* _Problem to work on_: Reproduce all the entries exactly and keep the pictures out.

* _Records to use_:
# # # #
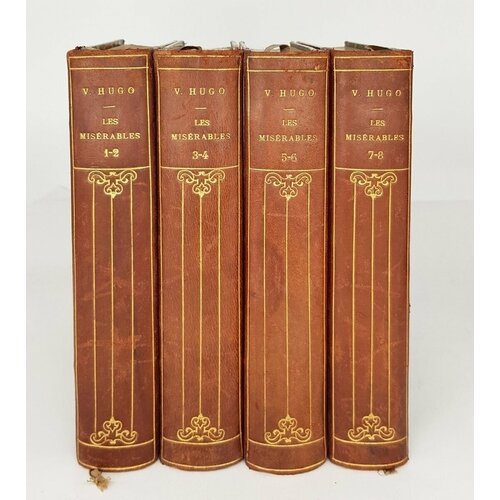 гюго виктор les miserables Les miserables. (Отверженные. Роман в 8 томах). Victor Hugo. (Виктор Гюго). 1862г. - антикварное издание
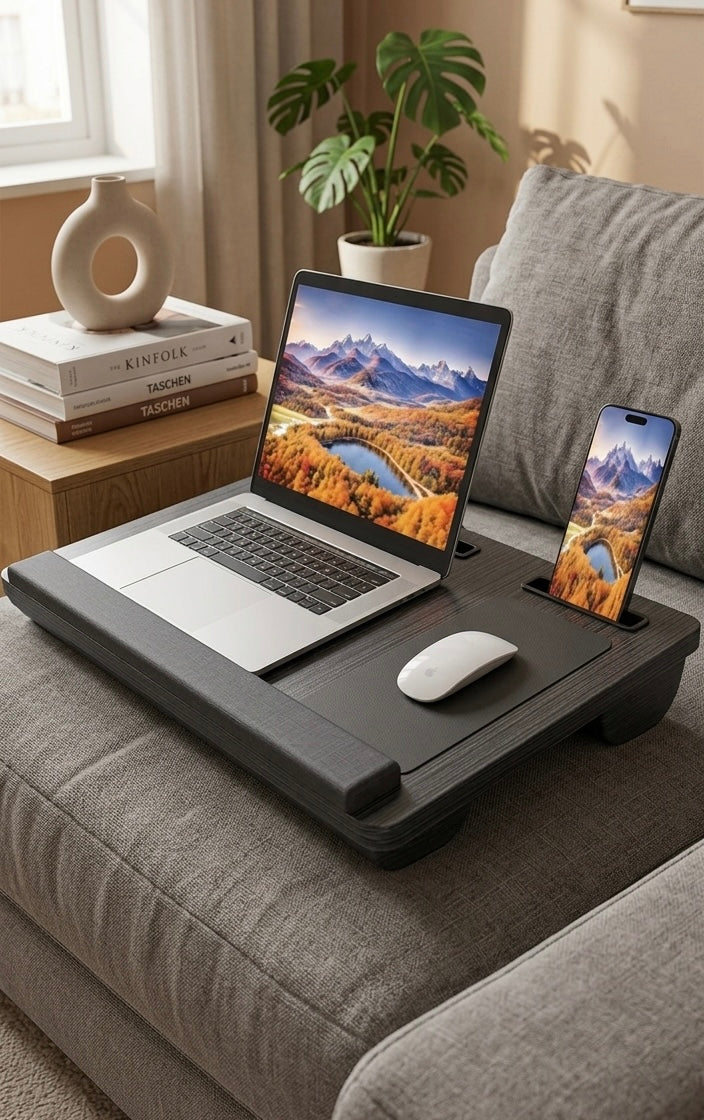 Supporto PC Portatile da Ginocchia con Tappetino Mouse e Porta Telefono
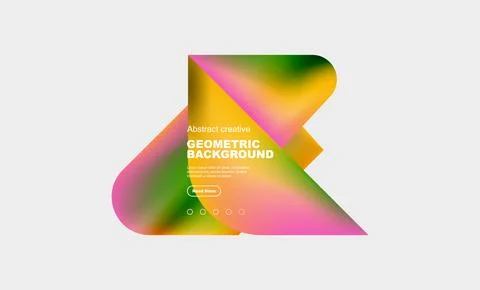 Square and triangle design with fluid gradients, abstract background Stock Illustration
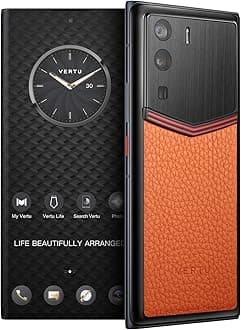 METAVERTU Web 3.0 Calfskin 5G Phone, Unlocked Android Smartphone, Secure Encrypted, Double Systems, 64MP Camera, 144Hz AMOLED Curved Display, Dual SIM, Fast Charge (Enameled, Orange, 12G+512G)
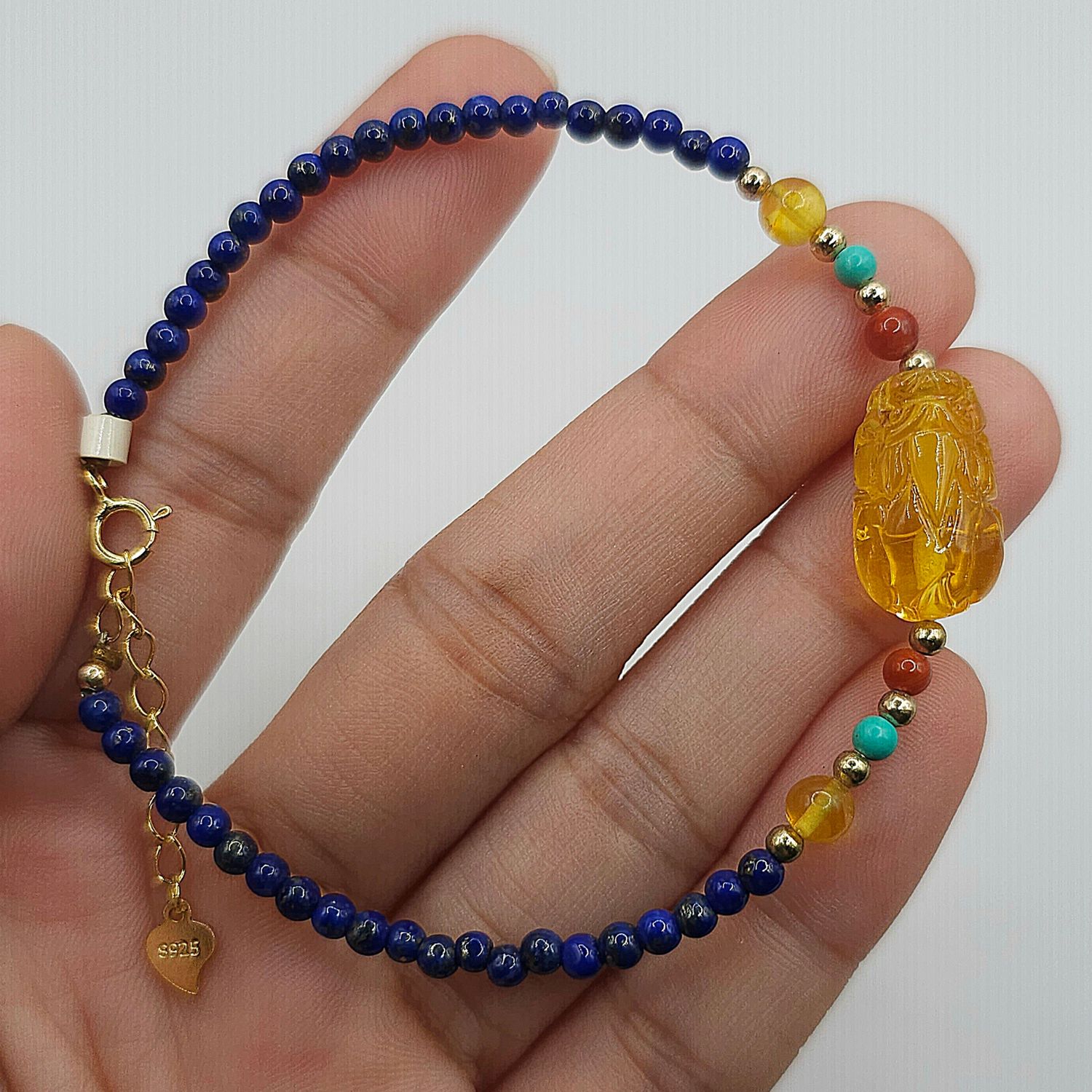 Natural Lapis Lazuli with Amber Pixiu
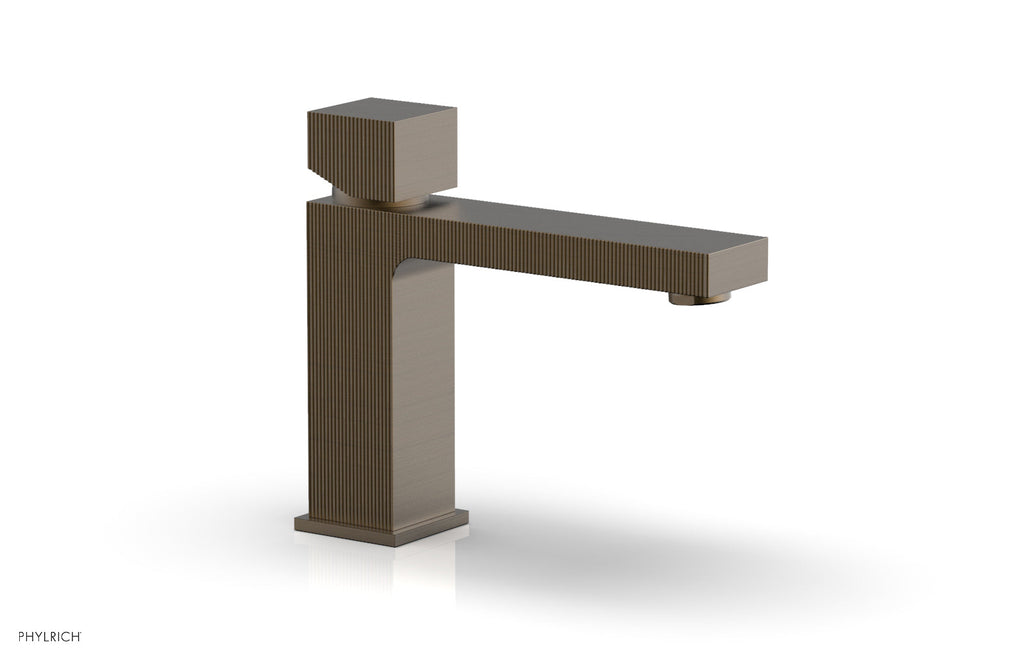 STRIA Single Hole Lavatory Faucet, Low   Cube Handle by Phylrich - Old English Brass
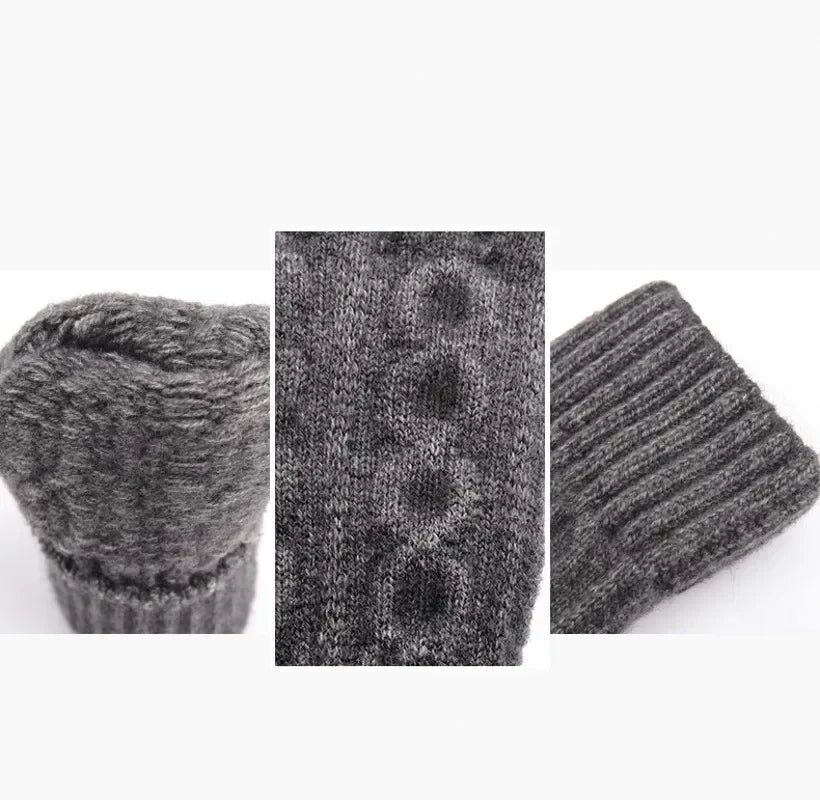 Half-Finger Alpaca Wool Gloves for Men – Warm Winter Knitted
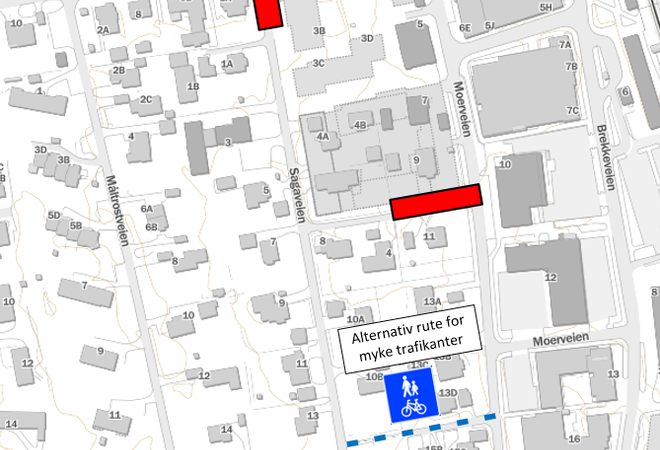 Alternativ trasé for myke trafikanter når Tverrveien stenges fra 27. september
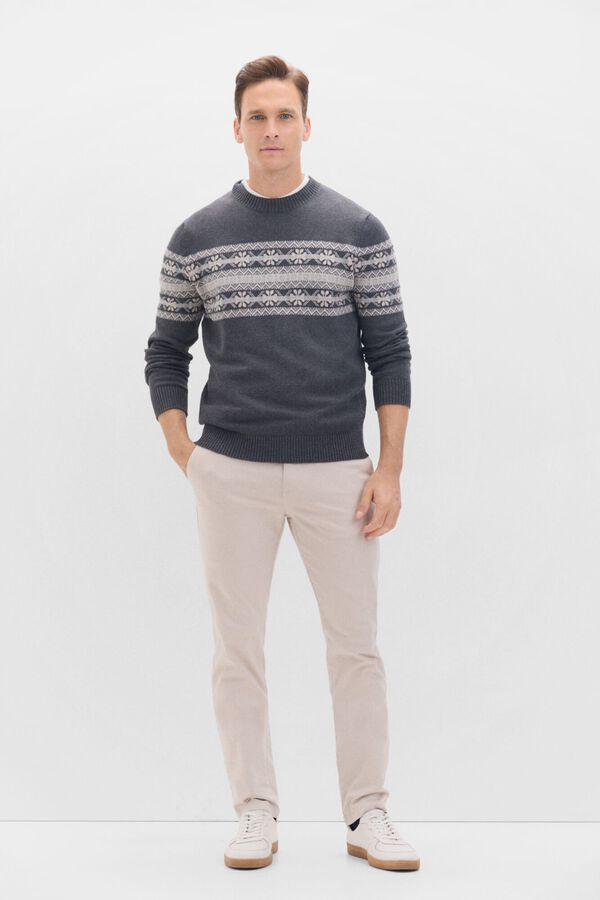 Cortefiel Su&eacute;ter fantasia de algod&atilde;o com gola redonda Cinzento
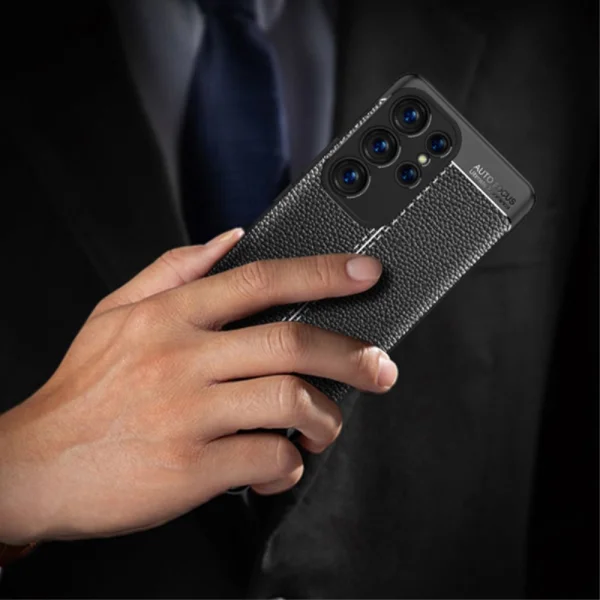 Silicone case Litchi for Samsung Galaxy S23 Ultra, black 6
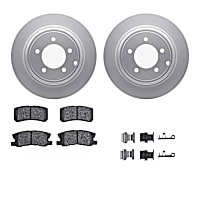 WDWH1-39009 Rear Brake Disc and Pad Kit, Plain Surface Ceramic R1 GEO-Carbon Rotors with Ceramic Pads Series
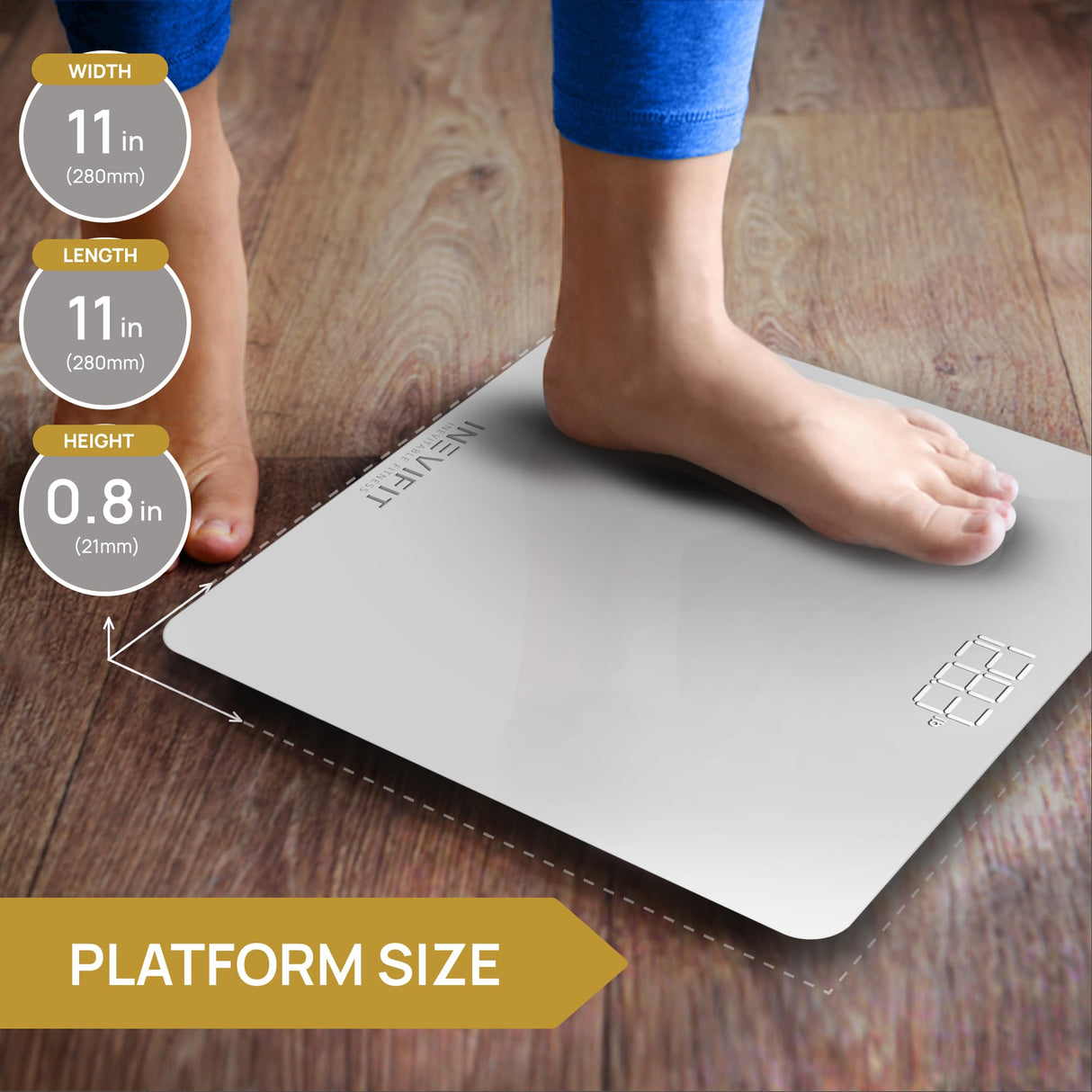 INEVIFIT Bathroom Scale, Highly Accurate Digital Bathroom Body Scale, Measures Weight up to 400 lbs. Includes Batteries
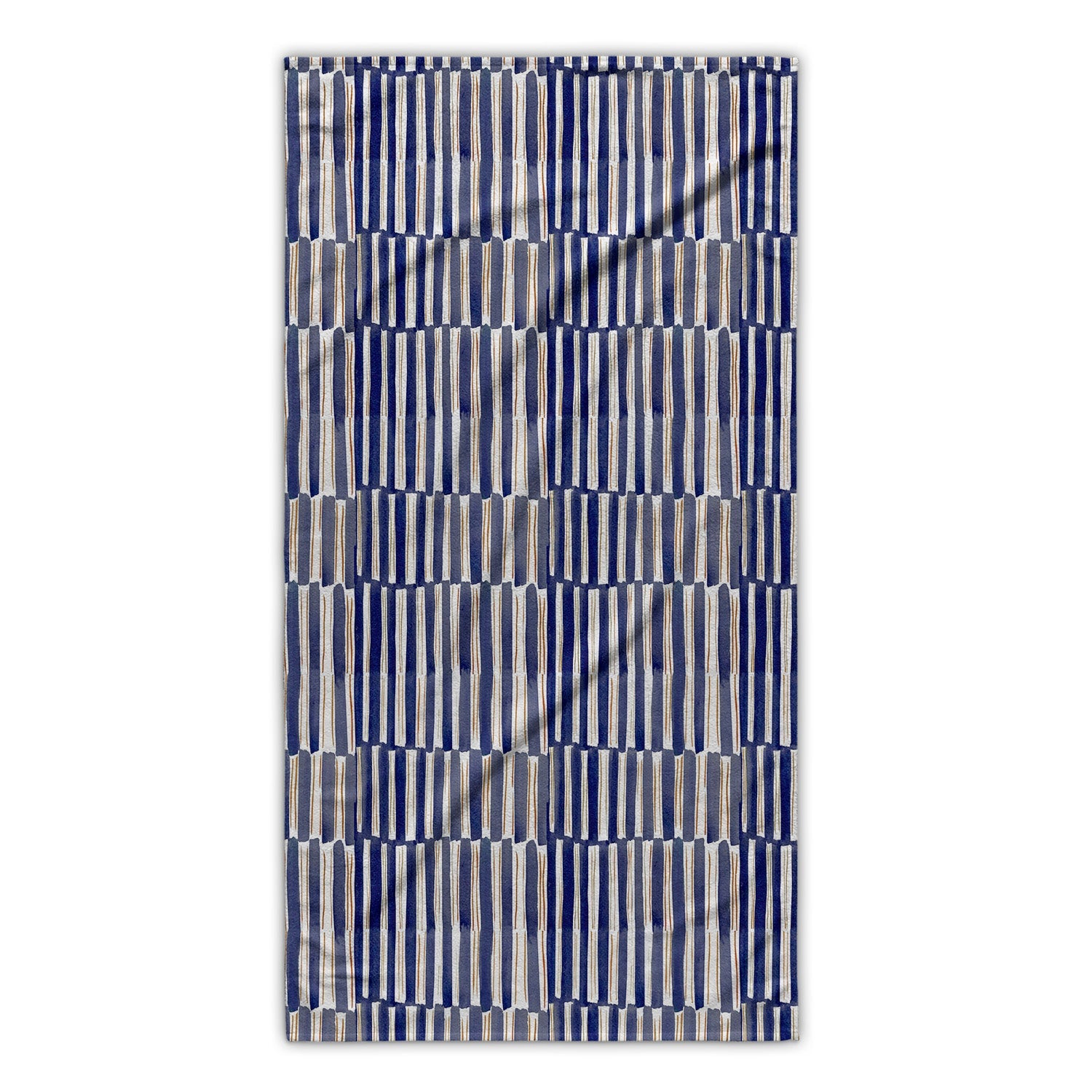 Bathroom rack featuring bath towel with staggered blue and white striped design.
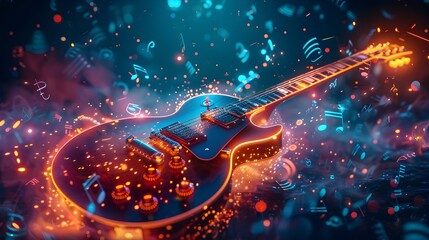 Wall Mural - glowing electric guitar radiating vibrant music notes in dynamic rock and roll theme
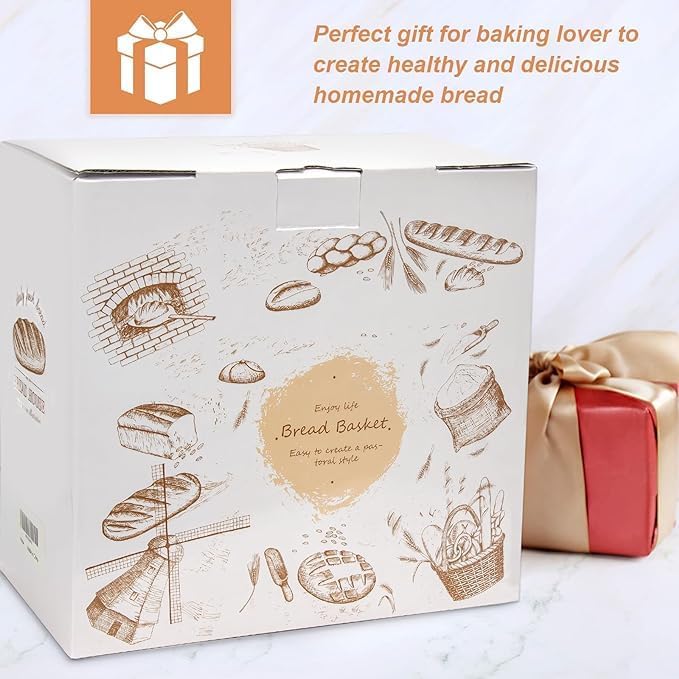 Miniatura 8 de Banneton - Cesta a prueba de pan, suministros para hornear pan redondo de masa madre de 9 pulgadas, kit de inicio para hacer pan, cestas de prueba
# # # #
* _Response_:
 гюго виктор les miserables Les miserables. (Отверженные. Роман в 8 томах). Victor Hugo. (Виктор Гюго). 1862г. - антикварное издание
 Supporto PC Portatile da Ginocchia con Tappetino Mouse e Porta Telefono
 Square and triangle design with fluid gradients, abstract background Stock Illustration
 METAVERTU Web 3.0 Calfskin 5G Phone, Unlocked Android Smartphone, Secure Encrypted, Double Systems, 64MP Camera, 144Hz AMOLED Curved Display, Dual SIM, Fast Charge (Enameled, Orange, 12G+512G)
 Natural Lapis Lazuli with Amber Pixiu
 STRIA Single Hole Lavatory Faucet, Low   Cube Handle by Phylrich - Old English Brass
 Half-Finger Alpaca Wool Gloves for Men – Warm Winter Knitted
 Alternativ trasé for myke trafikanter når Tverrveien stenges fra 27. september
 Cortefiel Su&eacute;ter fantasia de algod&atilde;o com gola redonda Cinzento
 Silicone case Litchi for Samsung Galaxy S23 Ultra, black 6
 WDWH1-39009 Rear Brake Disc and Pad Kit, Plain Surface Ceramic R1 GEO-Carbon Rotors with Ceramic Pads Series
 INEVIFIT Bathroom Scale, Highly Accurate Digital Bathroom Body Scale, Measures Weight up to 400 lbs. Includes Batteries
 Bathroom rack featuring bath towel with staggered blue and white striped design.
 Wall Mural - glowing electric guitar radiating vibrant music notes in dynamic rock and roll theme
 Miniatura 8 de Banneton - Cesta a prueba de pan, suministros para hornear pan redondo de masa madre de 9 pulgadas, kit de inicio para hacer pan, cestas de prueba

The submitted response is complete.